In addition, one of the most significant implications of DORA is that it will bring within the scope of European financial services supervision those ICT third-party service providers that will be deemed critical. DORA is accompanied by Directive (EU) 2022/2556 that amends certain pieces of European financial services legislation, including MiFID II, as regards provisions regarding digital operational resilience.
To support financial institutions in preparing for the imminent application of DORA we set out below 10 key things to know about it:
DORA will have a very broad application and it will cover all authorised European financial entities, altogether 20 types of them. This includes credit, payment and e-money institutions, investment firms, crypto-asset service providers (CASPs) that will be authorised under the Markets in Crypto-Assets Regulation (MiCA) as well as issuers of asset-referenced tokens, central securities depositories (CSDs), central counterparties (CCPs), trading venues, trade repositories, alternative investment fund managers (AIFMs), management companies, data reporting service providers, insurance and reinsurance undertakings, insurance and reinsurance intermediaries, institutions for occupational retirement pensions, credit rating agencies, statutory audit and audit firms, administrators of critical benchmarks, crowdfunding service providers, securitisation repositories. As mentioned earlier, DORA will also apply to ICT third-party service providers.
Notwithstanding its intentionally broad scope, DORA provides some elements of proportionality. In line with a general principle of proportionality, in-scope financial entities will be required to comply with DORA by taking into account their size and overall risk profile, as well as the nature, scale and complexity of their services, activities and operations. DORA also provides limited exemptions for certain financial entities, including sub-threshold AIFMs, small insurance and re-insurance undertakings exempt from Solvency II, small institutions for occupational retirement provision, persons exempt from the Markets in Financial Instruments Directive (MiFID), insurance intermediaries, reinsurance intermediaries and ancillary insurance intermediaries which are microenterprises or small or medium-sized enterprises, as well as certain post-office giro institutions. Conversely, some of the most advanced digital testing requirements will be applicable only to the biggest, “significant” financial entities.

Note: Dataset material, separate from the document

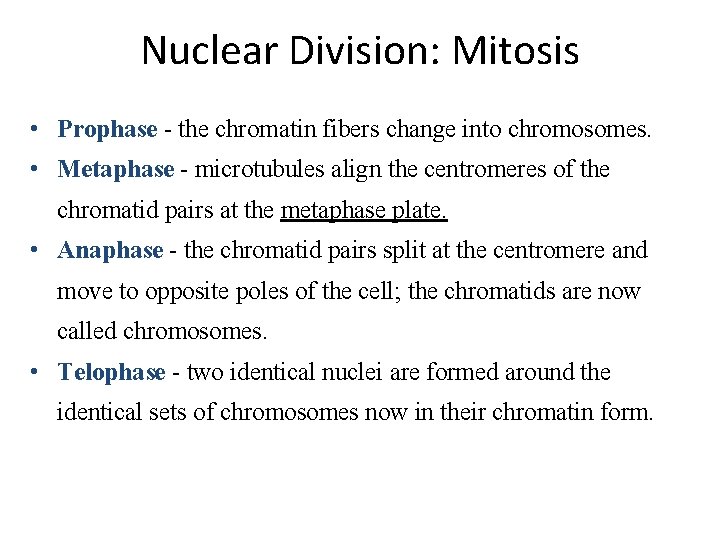 Nuclear Division: Mitosis • Prophase - the chromatin fibers change into chromosomes. • Metaphase Nuclear Division: Mitosis • Prophase - the chromatin fibers change into chromosomes. • Metaphase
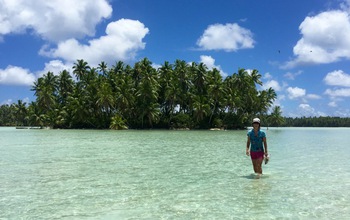 Graduate student Ana Miller-ter Kuile walks in the shallows in front of an islet at Palmyra Atoll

In addition, for the purpose of the application of DORA it is necessary to consider the scope of ICT services that will be subject to its requirements. Whist DORA defines the term “ICT services” in high-level terms, there are a lot of uncertainties about the practical identification of the relevant in-scope ICT services. In particular, there is an ongoing debate about delineation between the financial services and ICT services, guidance on which is expected to be provided by the Commission.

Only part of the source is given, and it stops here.